Director: Alfred Hitchcock
based on Joseph Conrad’s novel THE SECRET AGENT
Cinematography: Bernard Knowles
A Hitchcock thriller made in his UK years, SABOTAGE opens with its own definition in a dictionary, but there is little to be said apropos of the motivation behind the anarchists. It is an usual London night, all the razzle-dazzle is in full bloom, suddenly a blackout causes some commotion on the street and in the center stage there is Bijou cinema, where patrons are baying for refund of their tickets, at the same time, its owner Mr. Verloc (Homolka) furtively sneaks back to his apartment upstairs, and pretends that he has never gone out when his wife (Sidney) surprisingly finds him on the bed.
So it seems that this time Mr. Hitchcock doesn’t play either the whodunit or the why-do-it card and clocking in a condensed 76-minute, the film even waive the possibility of a McGuffin to compel audience into the puzzle. Admittedly, there is no puzzle at all, Mr. Verloc is the said saboteur, whose blackout sabotage doesn’t quite hit the mark (even being pilloried by the media) and he is tasked to up the antes, it doesn’t take much persuasion for him to forgo his no-casualties-causing vow to collude with a professor (Dewhurst) who is excel at making “fireworks”. In a straightforward manner, the story also sidetracks in the incipient attractions between Ms.

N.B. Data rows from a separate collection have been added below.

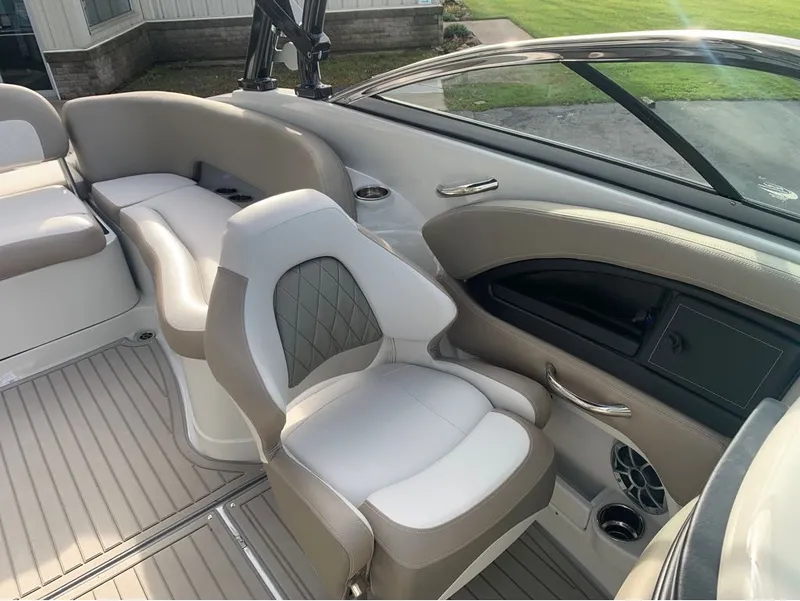 Slide: The Image of Crownline Boats E260 XS 2024 - 15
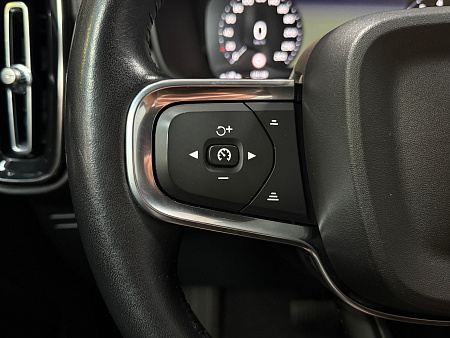 Volvo XC40 2.0 4WD AT (190 л.с.) 2021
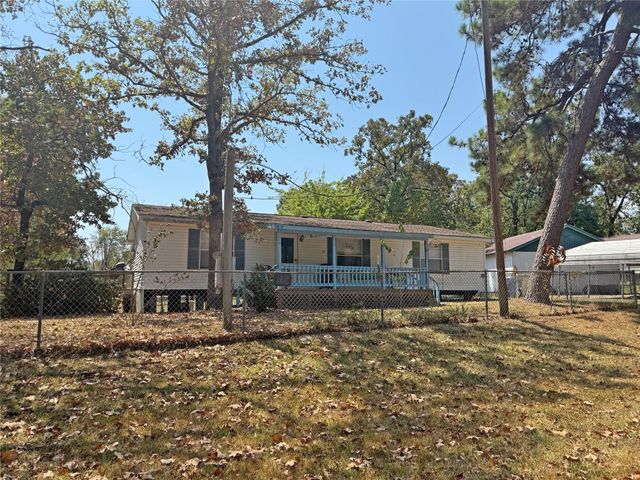 399 Pine Lane, Onalaska, TX 77360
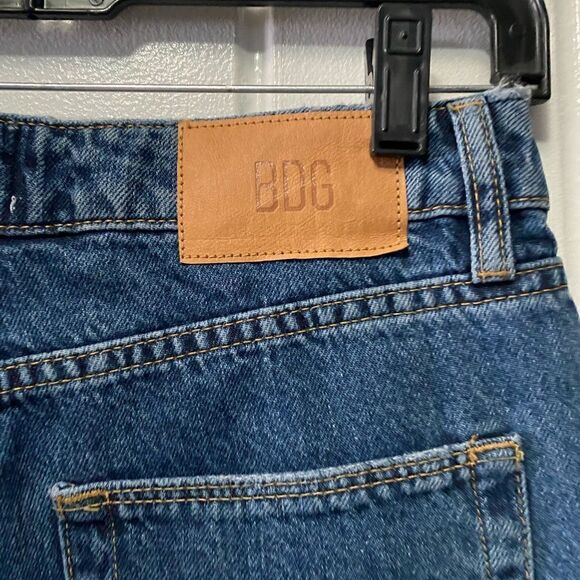 NWT BDG Mom High Waisted Tapered Leg Jeans Medium Wash Distressed Size 27 - Picture 4 of 8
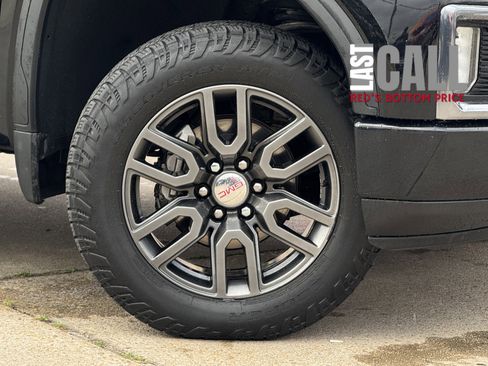 Used 2020 GMC Sierra 1500 AT4 w/ AT4 Premium Package image 3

Verloc and Ted (Loder), who works in the greengrocery next to the cinema, but his real identity is an undercover sergeant of Scotland Yard, and secretly stakes out Mr. Verloc.
Ms. Verloc has no inking of her hubby’s insidious deal, time and again she tells Ted that Mr. Verloc has the most kindhearted soul she has ever met, which is a farcically self-defeating statement because whoever has eyes can palpably detect something amiss in Oskar Homolka’s hammy affectation with all those mannered scowls and insincere oratory, one might seriously wonder how dumb a woman could be if she fails to sense that from the man she shares a bed every night, that’s a disservice to Hitchcock’s heroine, beautiful but dumb, yet, she still deserves a miracle in the end.
Then there is that infamous “boy with a bomb” set piece, the story is a no-brainer, but the suspense never goes to seed under Hitchcock’s rein. One must admit it is a left-field coup-de-théâtre (through a string of heightened montages) a first-time spectator barely can see it coming, Mr. Hitchcock really dares to corroborate that nothing is impossible on the silver screen, although in retrospect this only materializes as a flash in the pan because when he veers into the Hollywood thoroughfare, he will be inured to adhere to a more morally rigorous precept. A minor Hitchcock film can still be engaging, only its aftertaste tends to be a shade astringent.